On pourrait se dire que se prolonge là l’infini travail, assumé par la bourgeoisie autant que par le mouvement ouvrier officiel, de trier dans le peuple le bon grain de l’ivraie, de séparer classe laborieuse et classe dangereuse, de former l’image de l’honnête travailleur contre celle du voyou et de monter le premier contre le second. On pourrait se rassurer en se disant qu’à passer son enfance à jouer au policier et au voleur, on peut bien, sans préjudice excessif, passer le restant de ses jours à les regarder jouer à la télé. Nous préférons tenir la prévalence de la figure du policier dans l’imaginaire populaire et la centralité de la police dans cette époque pour un symptôme, un symptôme de ce dont il faut guérir.

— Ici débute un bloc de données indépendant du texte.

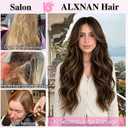ALXNAN Long Wavy Hair Extensions for Women, Clip in Hair Extensions Clip Ins Soft Full Head Synthetic Hairpieces 20 Inch Balayage Dark Brown to Chestnut Brown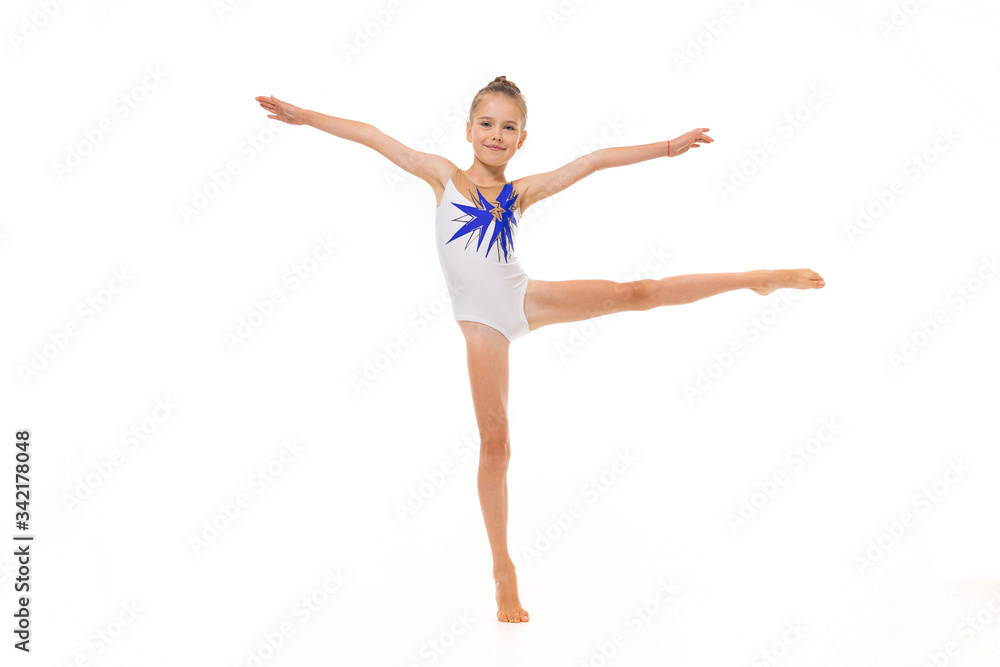 Beautiful girl gymnast in tights do some exercises isolated on white background Beautiful girl gymnast in tights do some exercises isolated on white background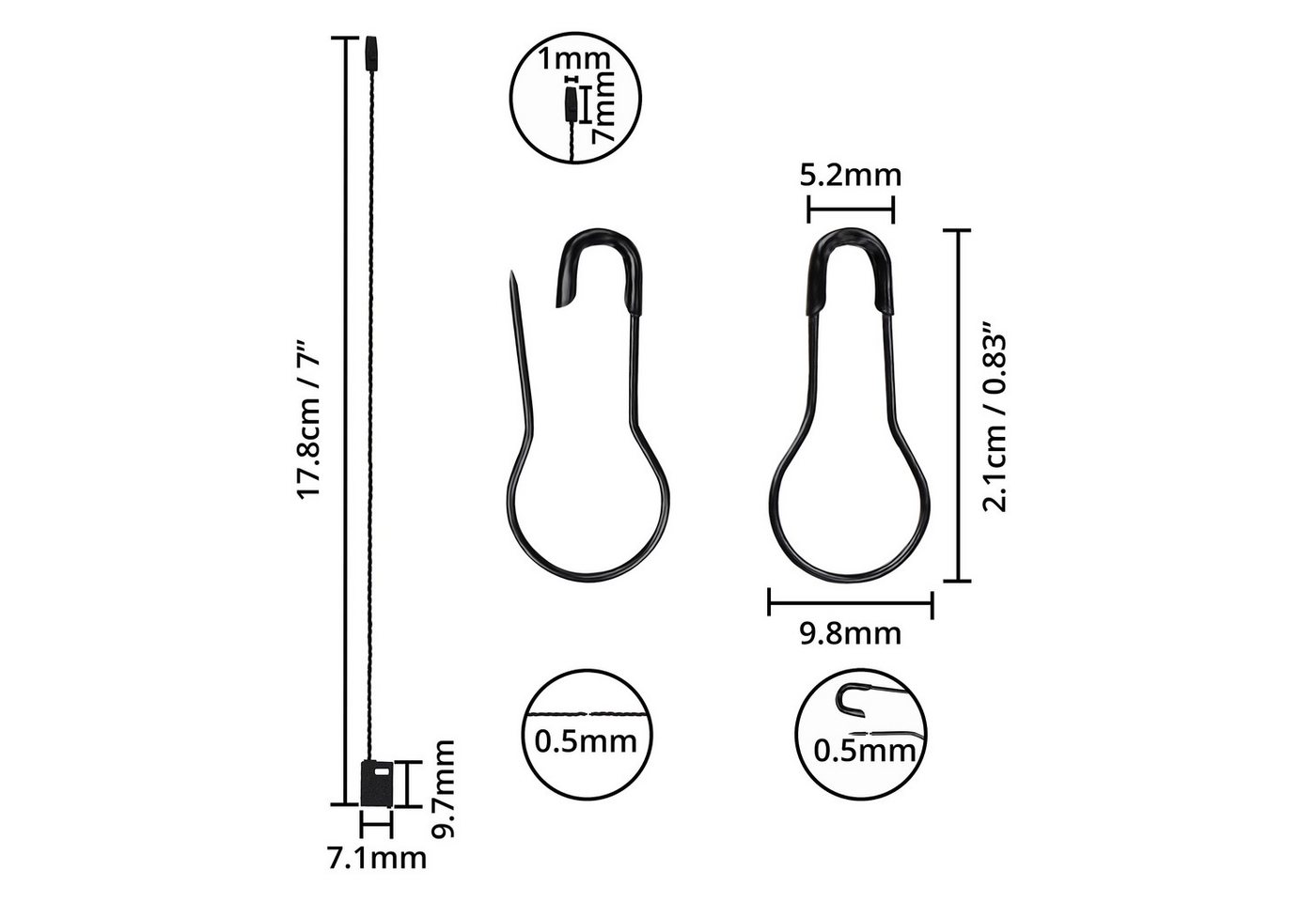 Thumbnail - Belle Vous Magnet 500er Set Nylonfaden & Metallstifte für Etiketten & Verschlüsse (500-St)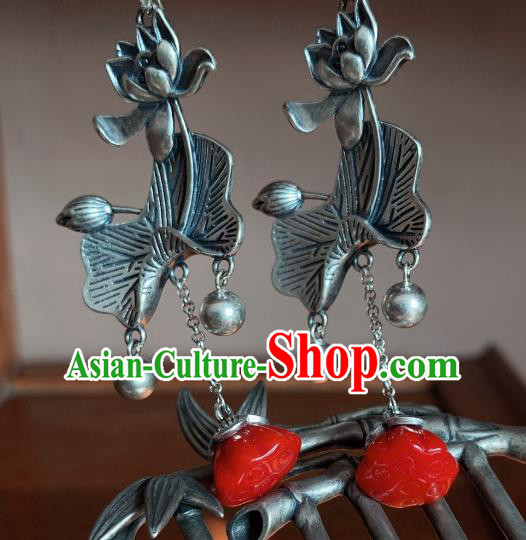 China National Silver Carving Lotus Earrings Traditional Cheongsam Tassel Ear Accessories
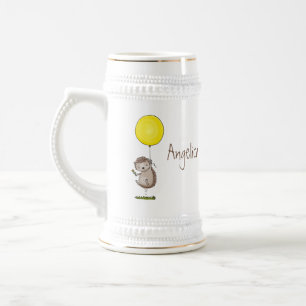 Chope À Bière Joli hérisson et motif de dessin animé de ballon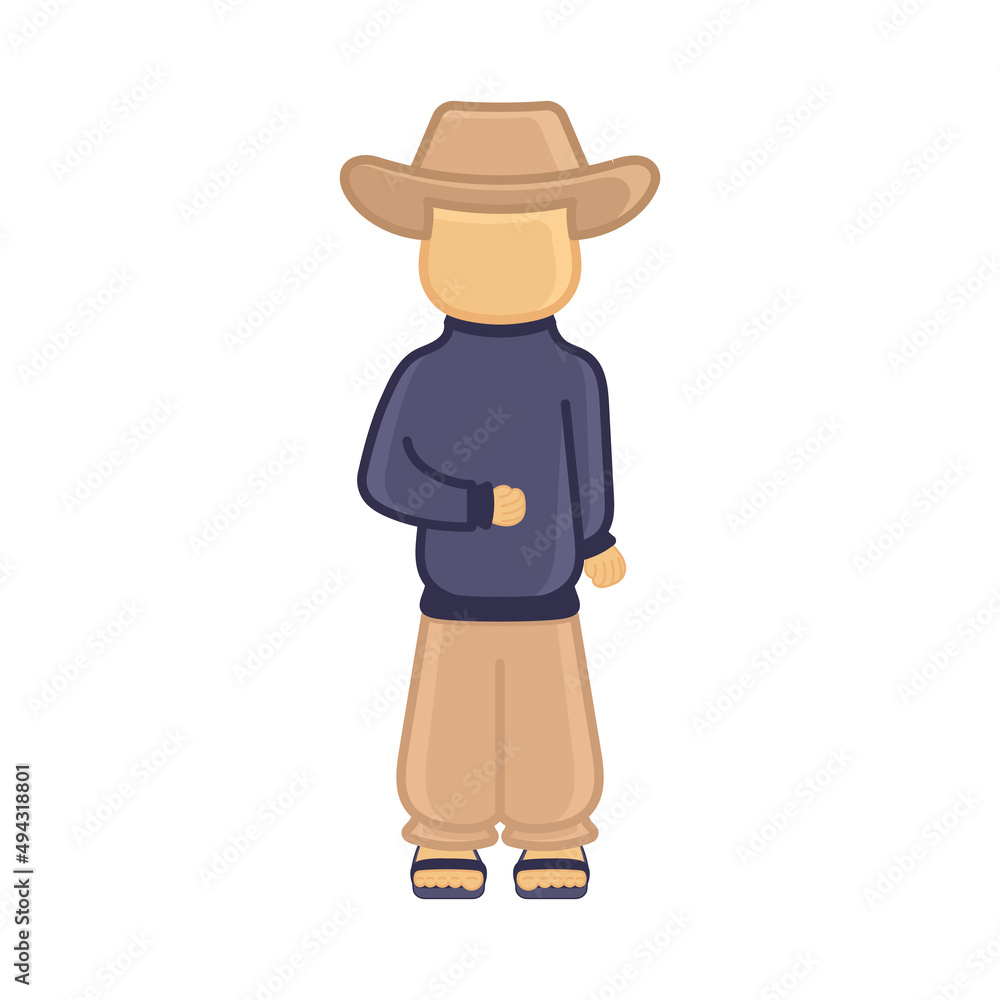 Isolated cute farmer cartoon icon Vector Isolated cute farmer cartoon icon Vector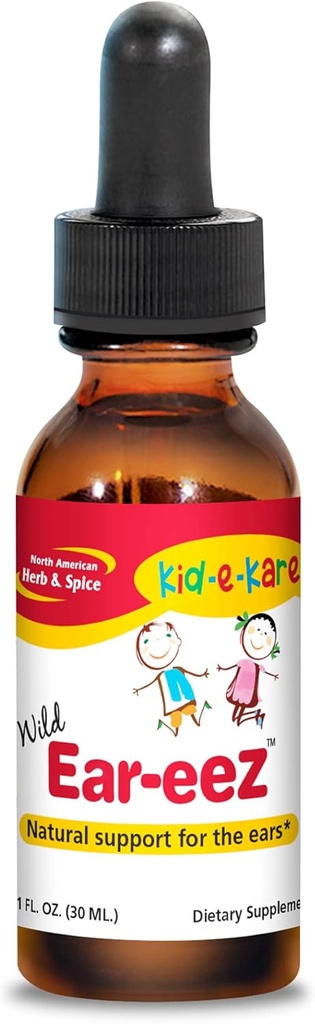 NORTH AMERICAN HERB &amp; SPICE Kid-e-kare Ear-EEZ - 1 fl. oz. - Apoyo natural para los oídos de los niños - Contiene Aceites de ajo, semillas negras, hojas de salvia - Non-GMO - 287 gotas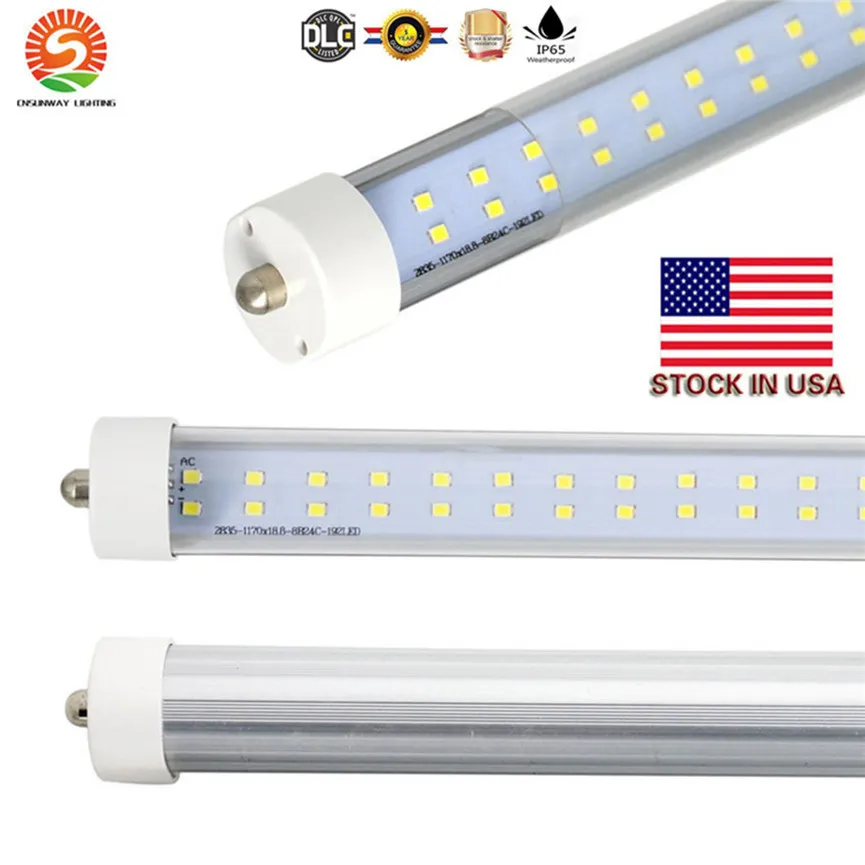 LED أنابيب 8ft تركيبات 5000K 6000K فا 8 دبوس واحد الصمام t8 8ft أنبوب 65 واط الصابورة الالتفافية 8 أقدام الصمام أنابيب الفلورسنت مصباح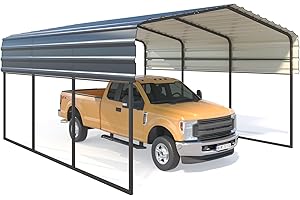HOMMOW 10'x15' Heavy Duty Carport, Multi-Purpose Shade with Galvanized Steel Roof, Upgraded Extra Large Metal Garage for Car, Boats and Tractors, Car Shelter and Shade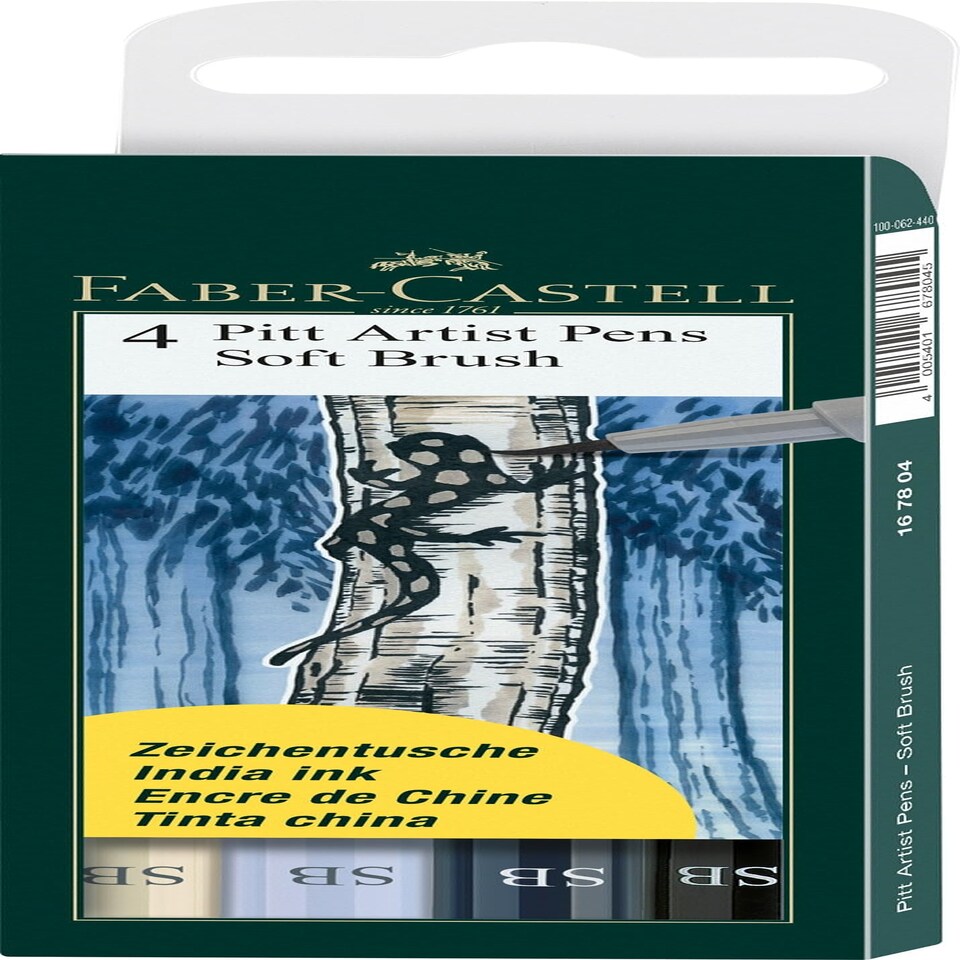 Faber-Castell - PITT Artist Pen Soft Brush Wallet of 4, Shades of Grey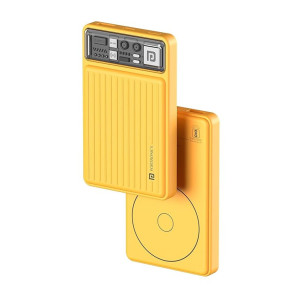 Portronics Luxcell Wireless Mini 10k 10000mAh 15W Magnetic Wireless Fast Charging Smallest Power Bank with 22.5 Wired Output Compatible with iPhone 12 & Above & Other QI Enabled Devices(Yellow)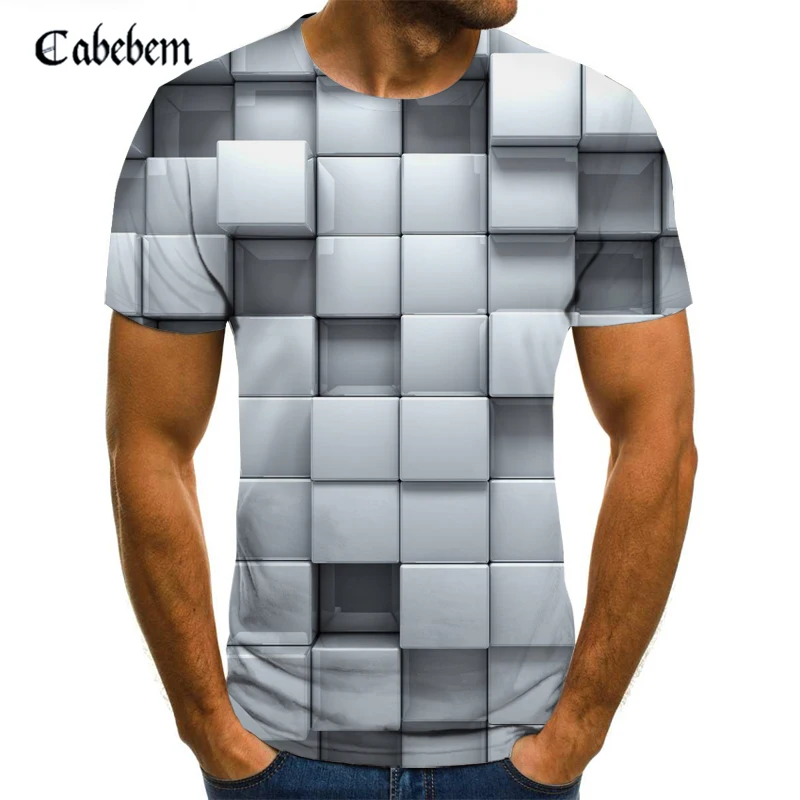 

Gray cube 3D digital print T-shirts Summer Short Sleeve Tshirt Men Casual Harajuku Street Short Sleeve Breathable Tee shirts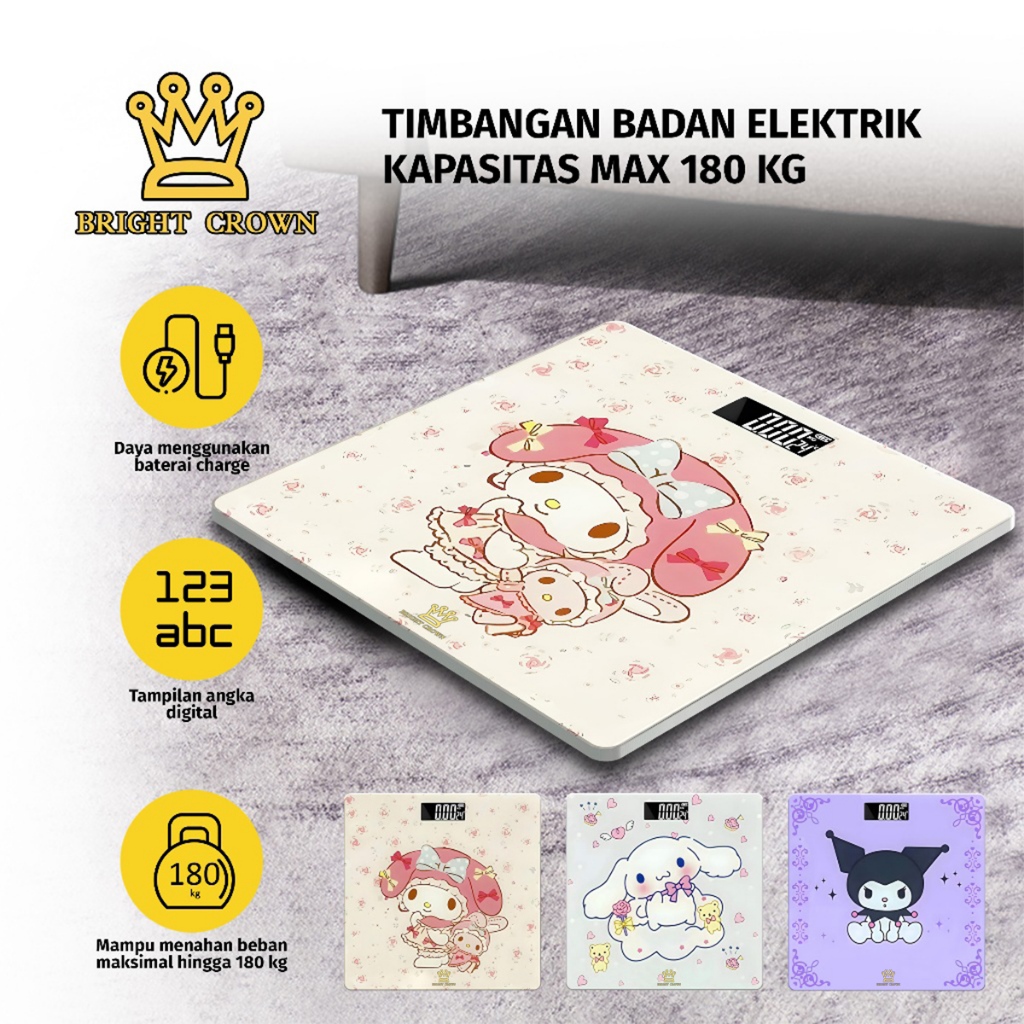 Bright Crown Timbangan Badan Kaca Digital Karakter Kartun Korumi Lucu Body Weight Scale Kartun 180KG
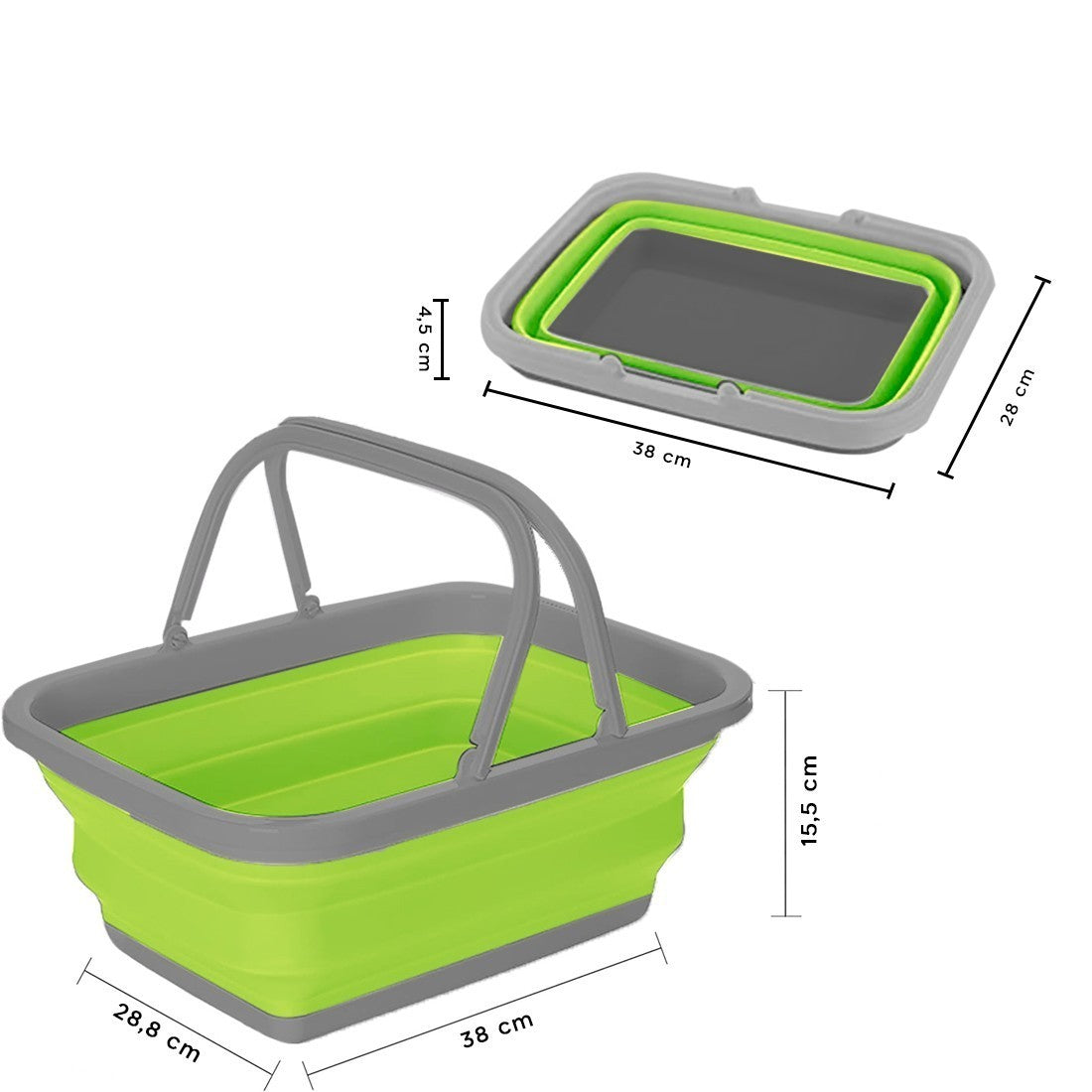 Panier polyvalent pliable avec poignées 605805 récipient économiseur 9 litres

Traitons donc Engrenages à son tour comme symptôme, et voyons ce qu’il en reste une fois qu’on l’a purgée de son idéologie. Il en reste ceci.

–Ceux qui doivent faire respecter la loi ne sont plus dotés, comme le Maigret d’antan, d’une morale personnelle ronronnante de petit-bourgeois pantouflard. Ils ne croient plus à rien. Ils vivent eux-mêmes dans le plus grand égarement éthique, dans la même confusion des sentiments que le reste des citoyens. Pourquoi ne pas mentir à ses collègues ? A un juge ? Faut-il être avec un homme, deux ou trois à la fois ? La police ne vient pas réprimer le crime en ce qu’il attaquerait un ordre positif, un système de valeurs établi, mais simplement gérer des menaces. L’infraction à une loi désormais sans valeur, à des règles privées de contenu ne fait que servir de prétexte à la neutralisation de tel ou tel. Ce que l’on condamne comme criminel, comme mauvais, ne se rapporte à aucune idée de ce que serait le bien, de ce que serait une bonne existence. Seuls les « criminels » – autonomes, kurdes ou gars des cités – ont quelque certitude quant à leur façon de vivre. Et peut-être est-ce là exactement leur crime. Peut-être la police n’est-elle là que pour défendre le nihilisme social, le fait que l’on puisse vivre sans croire à rien. Elle protégeait hier une morale sociale douteuse, elle protège à présent l’obligation sociale de douter. Car quiconque assume, fût-ce seulement pour lui-même, son idée de ce qu’est une bonne vie doit immédiatement reconnaître qu’elle diffère de celle de tant d’autres, voire qu’elle en contredit certaines. Toute sortie du nihilisme est donc menace de guerre civile. C’est là que la police attaque.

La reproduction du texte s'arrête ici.